- Dataset content:
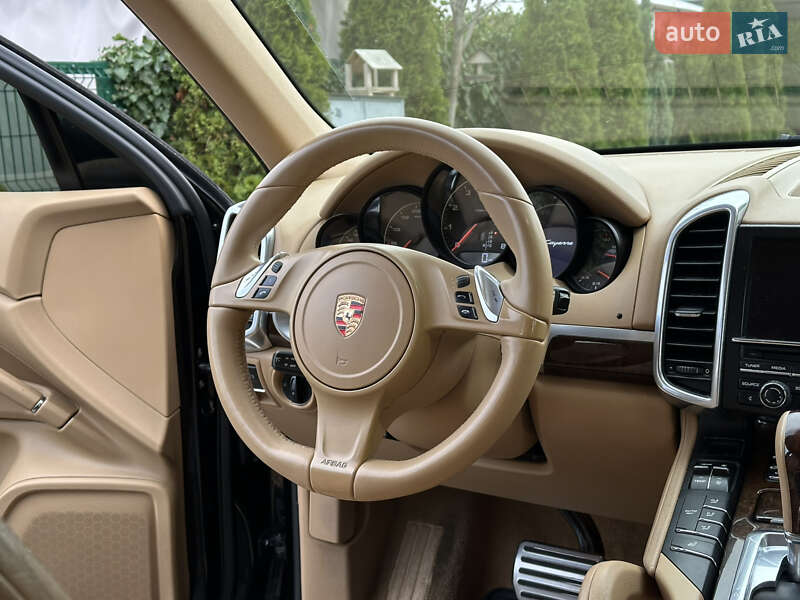 Внедорожник / Кроссовер Porsche Cayenne 2013 в Одессе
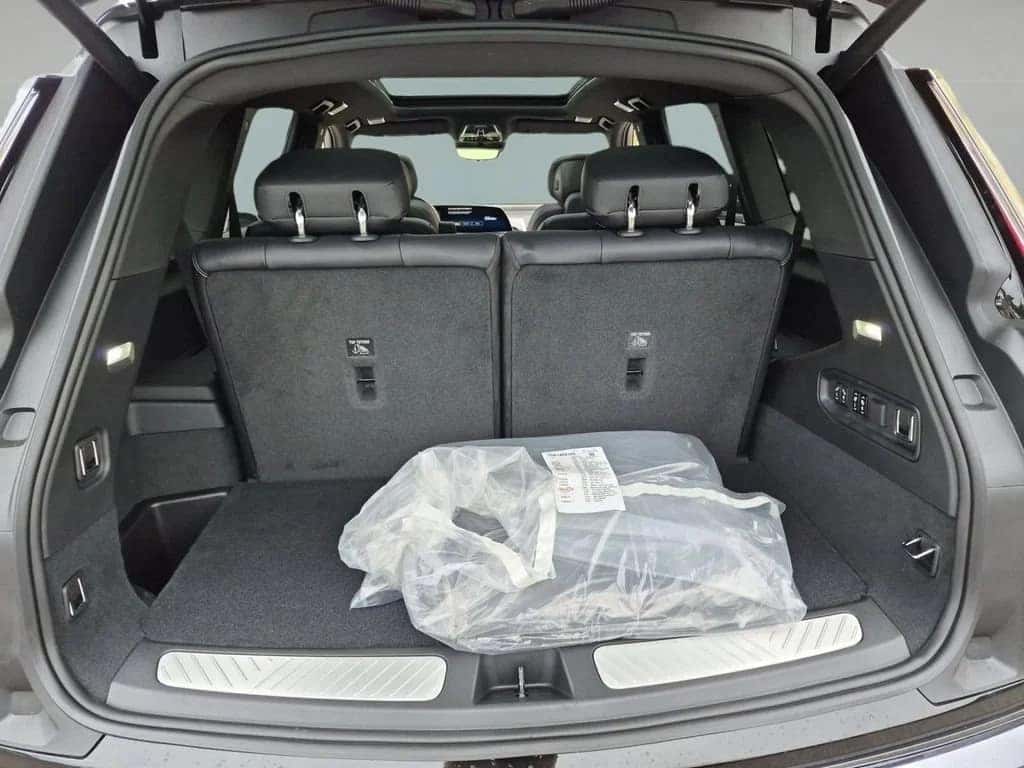 2027 Cadillac VISTIQ Interior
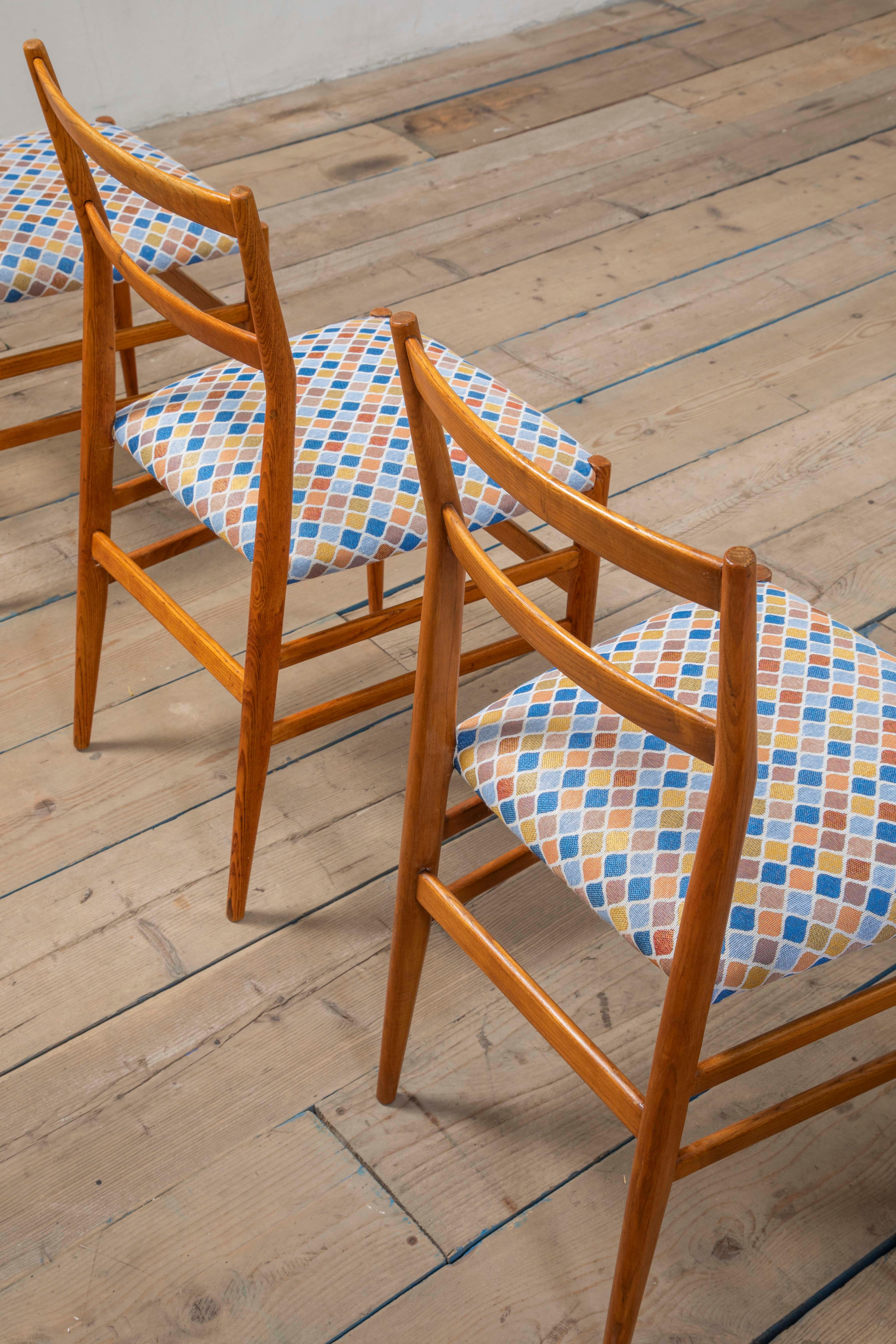 20e siècle, Gio Ponti for Cassina Set of 8 Chairs mod. Leggera en vente 3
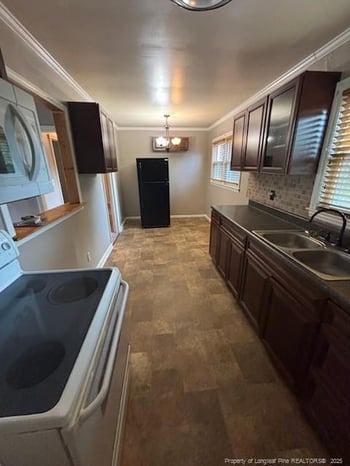 1106 Pinehurst St, Sanford, NC 27330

- Your assignment: Reproduce, word for word, the lines from the one containing "2027 Cadillac VISTIQ Interior" to the end of the material, both ends included. No picture is copied.

- Solved problem:
 2027 Cadillac VISTIQ Interior
 20e siècle, Gio Ponti for Cassina Set of 8 Chairs mod. Leggera en vente 3
 1106 Pinehurst St, Sanford, NC 27330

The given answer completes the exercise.